(Your objective)
Every picture is to be removed, and all the data is to be copied exactly.

(Data segment)
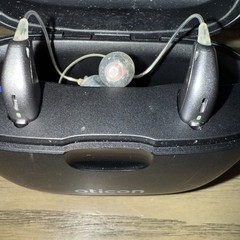 Oticon Smart Charger MiniRite R Model: C-2A – with Hearing AIDS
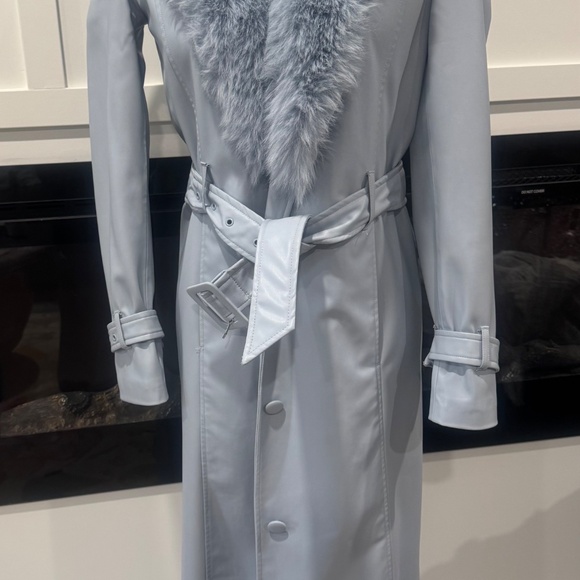 Faux leather trench with faux fur collar - Picture 4 of 7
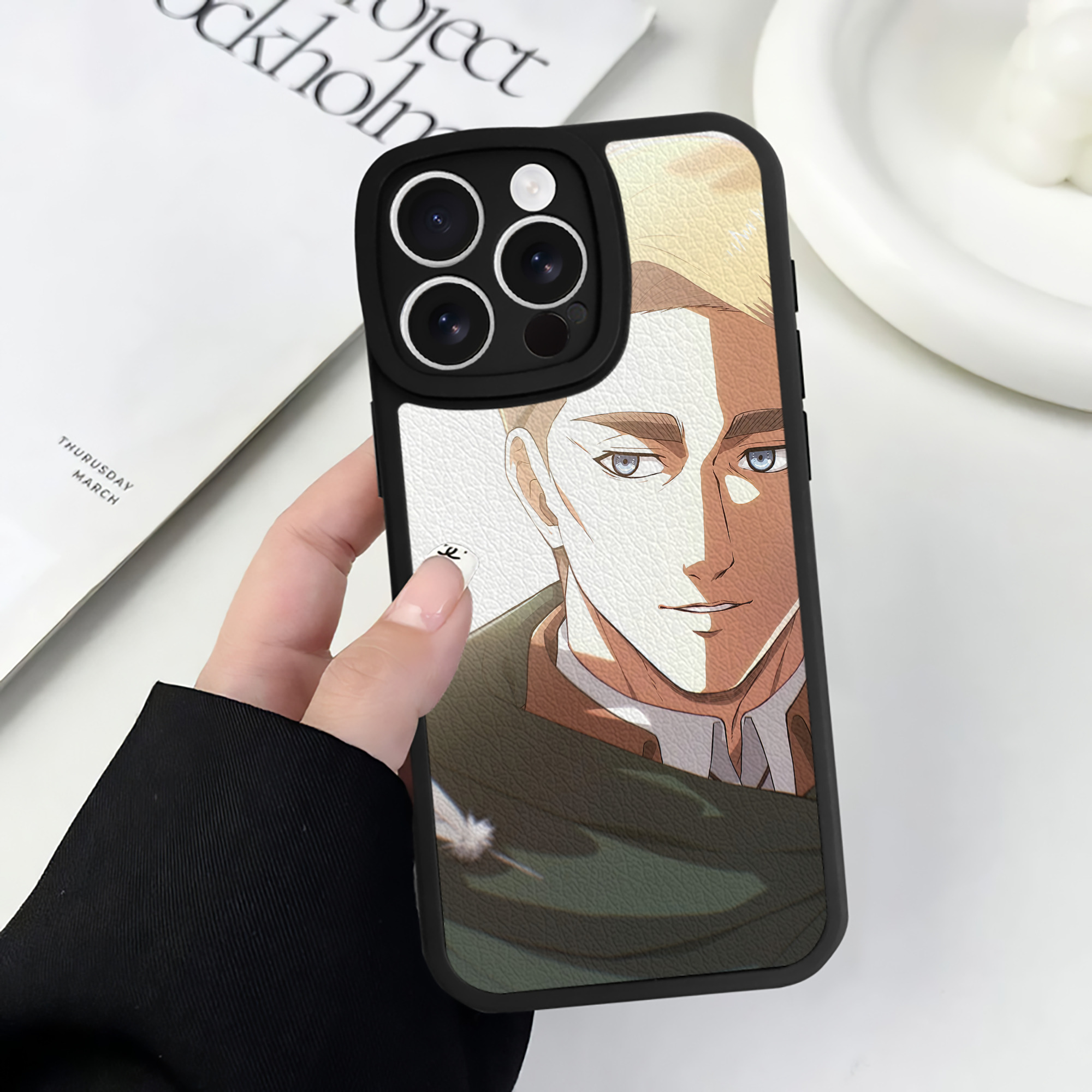 （画像用） 進撃の巨人 Attack on Titan 【iPhone 16シリーズ対応】シリコンスマホケース（レザー調） 材質：シリコン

(Finished exercise)
 Oticon Smart Charger MiniRite R Model: C-2A – with Hearing AIDS
 Faux leather trench with faux fur collar - Picture 4 of 7
 （画像用） 進撃の巨人 Attack on Titan 【iPhone 16シリーズ対応】シリコンスマホケース（レザー調） 材質：シリコン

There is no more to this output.